■ **SOURCE RECORDS**
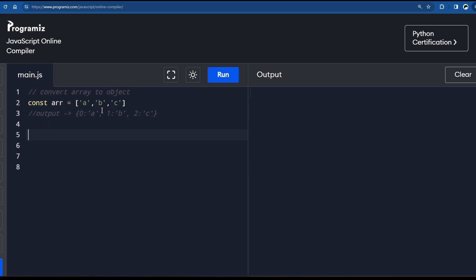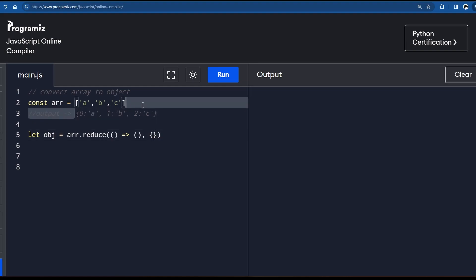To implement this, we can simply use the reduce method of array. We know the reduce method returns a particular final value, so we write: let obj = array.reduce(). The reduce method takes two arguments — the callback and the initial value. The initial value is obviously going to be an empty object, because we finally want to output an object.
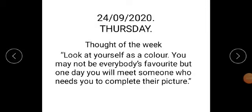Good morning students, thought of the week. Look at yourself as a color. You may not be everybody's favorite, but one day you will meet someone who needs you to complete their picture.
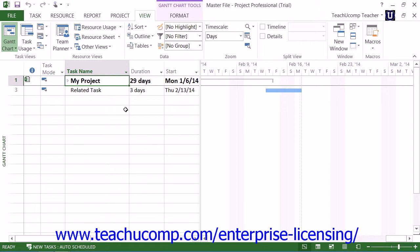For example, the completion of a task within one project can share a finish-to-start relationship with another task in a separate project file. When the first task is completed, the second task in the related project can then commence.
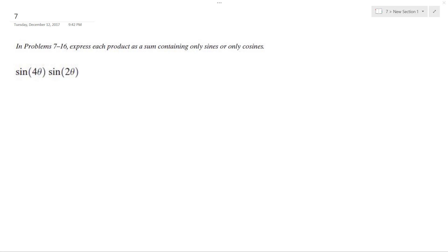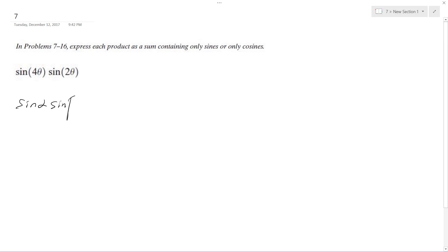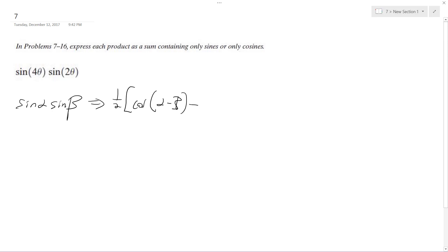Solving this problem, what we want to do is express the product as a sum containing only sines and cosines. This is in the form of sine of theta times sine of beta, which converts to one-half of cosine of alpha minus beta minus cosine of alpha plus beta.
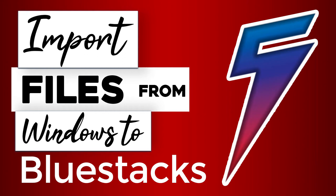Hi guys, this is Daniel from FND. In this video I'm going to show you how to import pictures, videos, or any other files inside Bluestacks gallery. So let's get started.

■ **WHAT TO WORK ON**
Return a verbatim transcription of the data, omitting all images.

■ **OUTPUT OF THE EXERCISE**
To implement this, we can simply use the reduce method of array. We know the reduce method returns a particular final value, so we write: let obj = array.reduce(). The reduce method takes two arguments — the callback and the initial value. The initial value is obviously going to be an empty object, because we finally want to output an object.
Good morning students, thought of the week. Look at yourself as a color. You may not be everybody's favorite, but one day you will meet someone who needs you to complete their picture.
For example, the completion of a task within one project can share a finish-to-start relationship with another task in a separate project file. When the first task is completed, the second task in the related project can then commence.
Solving this problem, what we want to do is express the product as a sum containing only sines and cosines. This is in the form of sine of theta times sine of beta, which converts to one-half of cosine of alpha minus beta minus cosine of alpha plus beta.
Hi guys, this is Daniel from FND. In this video I'm going to show you how to import pictures, videos, or any other files inside Bluestacks gallery. So let's get started.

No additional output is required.